女性アスリートが抱える生理・月経の課題について、正しい知識を学び、競技パフォーマンスの向上や将来の健康管理につなげる「1252プロジェクト」の講演会が2月23日、大津市のスカイプラザ浜大津で開催された。
滋賀県競技力向上対策本部が主催し、中高生のアスリートやその保護者、指導者ら約40名が参加した。トップアスリートの実体験と産婦人科医による専門的な知見を通じ、月経コントロールの重要性を共有した。
■競技を止めないための「1252」
プロジェクト名の「1252」は、1年間の52週間のうち、約12週間は月経に関連する何らかの不調を抱える可能性があるという、女性特有のサイクルを象徴している。
講師として登壇した元ハンマー投げオリンピック選手の室伏由佳氏(順天堂大学スポーツ健康科学部先任准教授)は、自身の競技生活を振り返り、月経に伴う体調変化への理解が当時はまだ不十分であったことを指摘。「生理を正しく知り、自分に合ったコンディショニングを身につけることは、怪我の予防や競技力の向上に直結する」と訴えた。
■トークセッション
講演後のトークセッションでは、産婦人科医の藤原睦子氏と、2016年のリオオリンピックに出場したウインドサーフィン選手の伊勢田愛氏が加わり、女子学生アスリートが抱える「生理とスポーツ」の課題や対策について話し合った。
その後、会場からたくさんの質問が出され、室伏さん、藤原さん、伊勢田さんが一つひとつ丁寧に回答した。
特に質問が多くあったのが、低用量ピルによる月経コントロールに関することであった。藤原さんは「現在の中高生が月経痛を感じているのであれば、それはすでに体がピルを服用しても安全な段階にあるというサイン」と述べ、現代の超低用量ピルは副作用も抑えられており、中学生からの使用も可能であると解説した。
また、スポーツ界で軽視されがちな「無月経」についても警鐘を鳴らした。
藤原さんは、18歳までの時期は将来の骨密度を決定づける重要な期間であり、女性ホルモン・エストロゲンが不足する無月経状態を放置すると、疲労骨折のリスクが高まるだけでなく、将来的な不妊や骨粗鬆症の原因になると説明。「無月経は楽だからと放置せず、専門医を受診してほしい」と強く呼びかけた。

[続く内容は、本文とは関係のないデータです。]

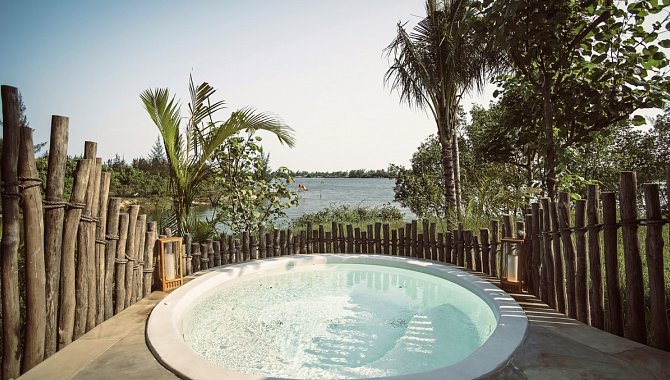 Runder Jacuzzi im Freien mit Holzumzäunung und Flussblick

他にも会場から「指導者が選手の月経をどう把握すべきか」という質問も寄せられた。伊勢田さんは「選手からは言い出しにくいもの。普段の様子との違いに気づいた時に、指導者や親から声をかけてあげることで、コミュニケーションのハードルが下がる」と、周囲の理解と問いかけの大切さを語った。
閉会にあたり、室伏さんは「この場での学びを1度きりで終わらせず、周囲の友人や選手にも伝えてほしい。それが多くの女性アスリートを救う活動になる」と締めくくった。